30代くらいの女性は『SATC』でのミランダ(シンシア・ニクソン)、40代くらいの女性は『ミザリー』でのアニー(キャシー・ベイツ)のような雰囲気。
(やっぱりやめておいたほうが良かったかな?)
でも、もう椅子に座っちゃったし。「やっぱりやめます」とは言いにくい。斧やハンマーを連想したわけではないが、何となく逃げられないという強迫観念が……。「どうかカットはミランダで!」と祈っていたのだが、悲しいかな、私のカットはアニーが担当することになった。
「綺麗な黒髪ねぇ~。カット?」
「はい、あのポスターのようにしてください」
「外のポスター?ずいぶん切ることになるけど?」
「はい、いいんです」
「じゃあ、イメージを変えましょう!こっちへいらっしゃい!」
アニーは予想に反し、明るくて気さくな人だった(そりゃ、『ミザリー』じゃないんだから……)。シャンプー台は日本ほど快適ではないものの、すっぽりと首がおさまったので疲れたり痛くなったりすることはなかった。だが、顔に布などを当ててはもらえないので、アニーの真剣な顔が嫌でも目に入る。目を逸らしているつもりなのに、なんか見ちゃってる。私の頭をアニーの大きな手がざぶんざぶんと揺さぶるたび、私は身体を硬直させた。顔に水滴が飛ぶんですけど~!
ポンポン、と軽くタオルドライし、席へ移動。雫が滴るくらいだったが、すぐさまカットに移った。
(まぁ~、思い切りの良いことで!)
ジャキ~ン、という音まで聞こえそうなくらい、一気に肩の長さまで切られる。今まで私の一部だったものが、ざらざら~っと床へ落ちていく。その後、多少左右を見ながら切り揃えてくれたが、ものの数十分でカット終了。そして、ブワワワ~っとドライヤーでセット。またしてもアニーの大きな手で頭をグワングワンと揺すられ、気付いたときには「はい、終了」と全ての工程が終わっていた。
私はアニーがドライヤー後に微調整のカットをしてくれるのかと思っていたのだが、まったくその気配ナシ。でも、でもですよ。私はポスターのような髪型(ショート)を依頼したのですよ?この髪型は、いわゆる”おかっぱ”というヤツだと思うのですが?
「どう?」
満面の笑みで問いかけるアニーに対し、私はポールさながらに意見してみることにした。
「あの、外のポスターはもう少し短いと思うんですが……」
するとアニーは
「そう?こんな感じだと思うけど、それならもう少し短くしましょう」
と言って、カフェエプロンのポケットからおもむろにバリカンを取り出し、私の襟足に当てた。
(いや、そうではない!そうではなく!!)
誰も刈ってくれなんて言ってない~!!!
心の声を口に出す間もなく、私の頭はワカメちゃんにされてしまったのだった。
普通、そんな目に遭ったらその美容室には二度と行かないと思う。

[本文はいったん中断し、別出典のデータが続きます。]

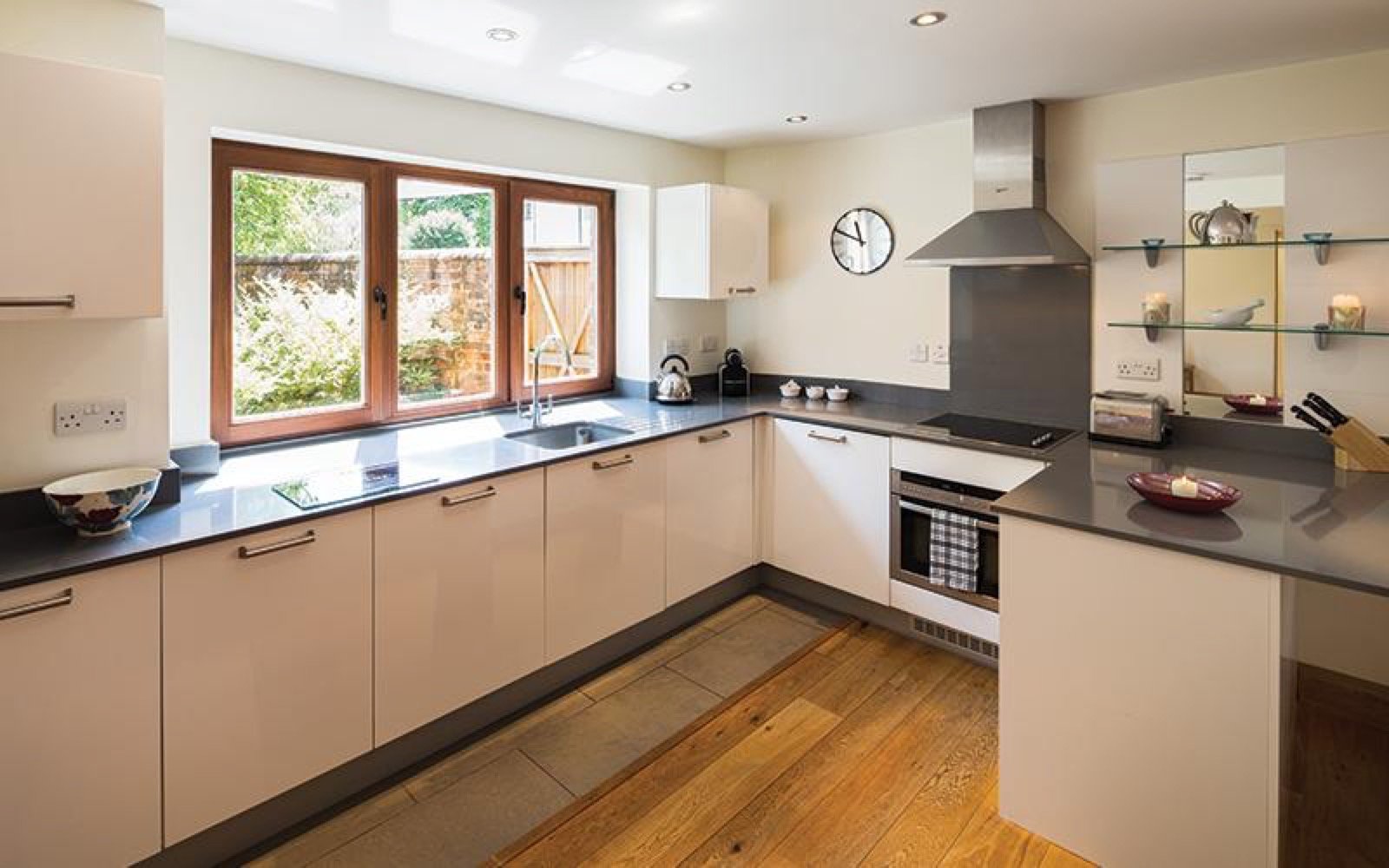 Modern kitchen with cream cabinets, dark worktops, stainless steel appliances and garden views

でも、私は行ってしまった。どうしてもおかっぱに納得できなくて。きっと、私のオーダー方法にも問題があったのだ。「横をもう少し短く」と言えばショートにしてくれるに違いない!
前回と同じく、窓ガラス越しに中を覗く。アニーとミランダが、2人がかりで黒人女性の髪をセットしていた。
「あら、いらっしゃい」
半月もしないうちに再び現れた私を、2人はにこやかに迎えてくれた。
黒人女性が終わるまで、10分ほど待つ。その女性は黄色と赤の民族衣装を来ていた。ゴーギャンが描いていそうな色彩豊かな衣装だ。薄暗い冬の景色が一気に華やぐ。2人の美容師は、毛量のある黒髪と格闘している。かなり強めにブラシを当てているが、黒人女性はビクともしない。どうやったのか、そのうち髪は円錐状に巻き上がってまとめられ、3人は笑顔になっていた。
(私も店を出るときには笑っていたい……)
どうか、今日はショートにしてもらえますように!
「あの、今度は横をもう少し短くして欲しくて」
私の要望を聞き、2人はああ、なるほどね、というように目を合わせ頷いたので、私もきっと今度は大丈夫、という気持ちになってきた。

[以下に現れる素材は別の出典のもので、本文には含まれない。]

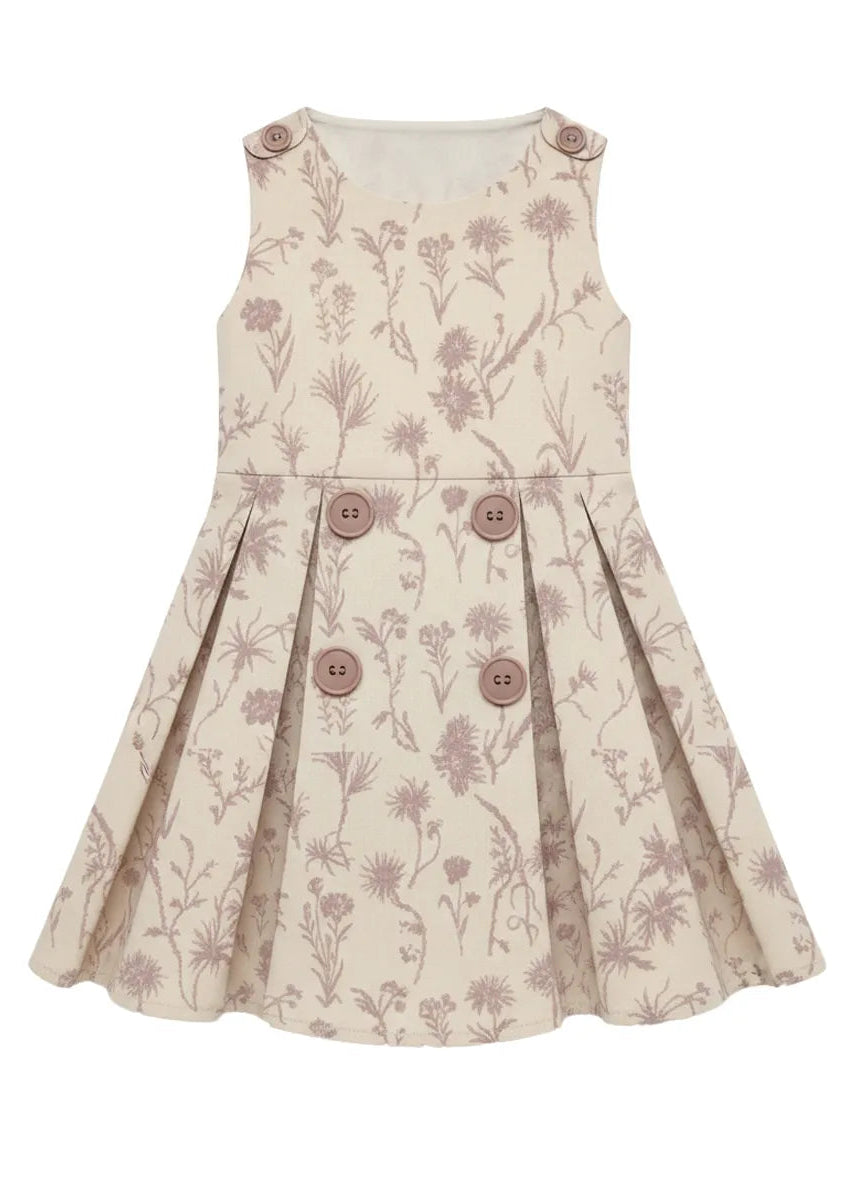 Children's dress with floral pattern and buttons on a white background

シャンプーの流れは前回と同じ。今度はミランダが洗ってくれた。アニーより指が細く手が小さい分、頭の支え方が不安定だ。でも、顔に水滴が飛ばないよう、加減してくれているようだった。タオルドライもアニーよりは丁寧。このままカットもミランダがしてくれるのか?!
と思ったら、カットはやはりアニー。どうしよう。またしても嫌な予感……。
耳に掛かる長さだったサイドの髪を、耳が出るくらいまでカット。そして、またしてもバリカン。
(いや、だからなぜ、バリカン?!)
また何も言い出せないまま、ジジジジジ、と剃られる音がやたら耳に大きく響く。
「どう?前よりさらにすっきりしたわね」
アニーは笑っていたが、私は作り笑いもできず、複雑な表情で鏡の中の自分と向き合う。どうやら、ミランダは私の思うところを察したらしく、
「あなたの髪だと、あのポスターのような髪型の再現は難しいのよ」
と肩をすくめた。
次の日、学校でタクマくんから
「あんた、本当にチャレンジャーだねぇ」
と今度は本気で呆れたという口調で言われ、ですよね~、私もそう思う~、と心の中で溜息をつく。
「どんな風になってんの?」
私の髪を指でつまみ上げたタクマくんは、うひょっという好奇の声をあげ、おかしくてたまらないというように
「シホさん、ツーブロックにされてるよ」
と声を震わせた。
なにそれ~。知らんがな~!
このときまで、私は刈り上げとツーブロックの違いを理解していなかった。理解したところで、その後そんなオーダーをすることはなかったのだけれど。最終的に、私は襟足が刈り上げ・サイドがツーブロックになったちんちくりんの頭で、花の都の冬を乗り切ることになったのである。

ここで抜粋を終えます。